Um, these functions more stable, but it is, uh, it is something that I, I really wonder about. I mean, it's no small feat to try and take this on. Tristan, what. Gives you the confidence, man, I can't believe it. Well, well, I think the, I think the critical thing is, you know, we believe that basically these AI co-pilots are gonna enhance your existing applications, not replace them.
And that's that. So you can choose and pick and choose, hey, what are the workflows or what are the sort of the challenges that a user might have where the AI can enhance it, right? So we're already seeing, for instance, that just to do basic support queries, right? This sort of like chat with your docs use case, it actually makes a, that's very simple, right?
You can implement that, you know, in lane chain or something, you know. Pretty quickly yourself. Uh, you know, it's a little bit hard when you get production to kinda make it a production system, but the basic kinda idea of chatting with your documentation actually isnt a really, really useful product feature, right?

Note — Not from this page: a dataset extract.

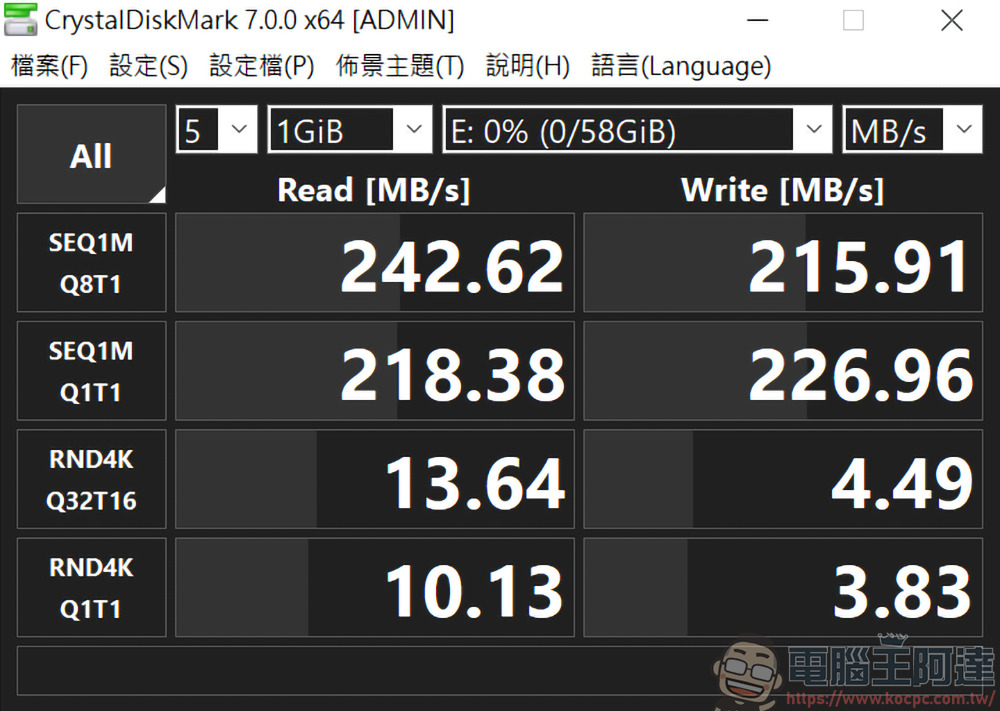 LINQ 9-in-1 SSD Pro Studio Hub 集線器，整合 Hub + SSD 外接盒、讀卡機、HDMI、高速 RJ-45、100W PD快充 九大功能 - 電腦王阿達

It's a better way to, than searching your docs in many cases. And then I think with Hex, you know, you can see an example of like a very narrow use case. Um, for instance, fix your bugs. You know, if you have something that executes wrong and you have a error, uh, and then you can fix that right in line and often you comma.
I think ultimately these things are gonna become incredibly rich, right? You know, these autonomous agents that people are, you know, kinda getting excited about will become actually things that work. Uh, right now that's not the case, but if you think about the next couple years that, that, I think that will be the case.
I think all software will have this idea of, you know, my software ai or my software copilot, uh, inside of them as part of a core feature of the product. Yeah. That's so good. I mean, you hit the nail on the head in the. M'S in production report that we just put out, and I will do a shameless plug right here if anybody wants to download it free.
No email needed or anything, but we just put this survey out, right? And it's the report that I've been grappling with this data for the last three months or so, even more probably now, and it's very much that question of what parts of my workflow get fully replaced. And what parts of my workflow get augmented and where and how do I know what each part is like?
There it is very, it's not clear at all right now. So I think we're exploring this unknown together, trying to figure out what exactly is it that is going to get replaced, what's going to get augmented, and how can we find that out? Yeah, no, absolutely. And I think it's, uh, I think it's gonna be both. I mean, I think even, you know, be, you know, you can say it'll be nine, but that's still a version of augmentation.
I will become more and more automated. A co-pilot I do think will ship more and more towards these, this fully automated, uh, uh, sort of, um, task completion. Um, but you know, you'll still interact with them potentially conversationally for sure. I think everybody will have a conversational interface and then there'll be all these, uh, sort of enhancements as well into the product.
But that all can, I think, be powered by the idea of a copilot system. Mm-hmm. You know, where that, that has that connectivity to the data, the API's making decisions, what to do. I think there's sort of unified way. Uh, to sort of think about how do you build that if you were an application builder, but we're certainly still in the early innings.
Hundred percent. Um, for sure. So, alright man, I've gone way over on time because I've loved this agent idea and I love talking to you. I'm gonna kick you off now though lovingly and I will see you when I'm in San Francisco in two weeks. Thank you. See you.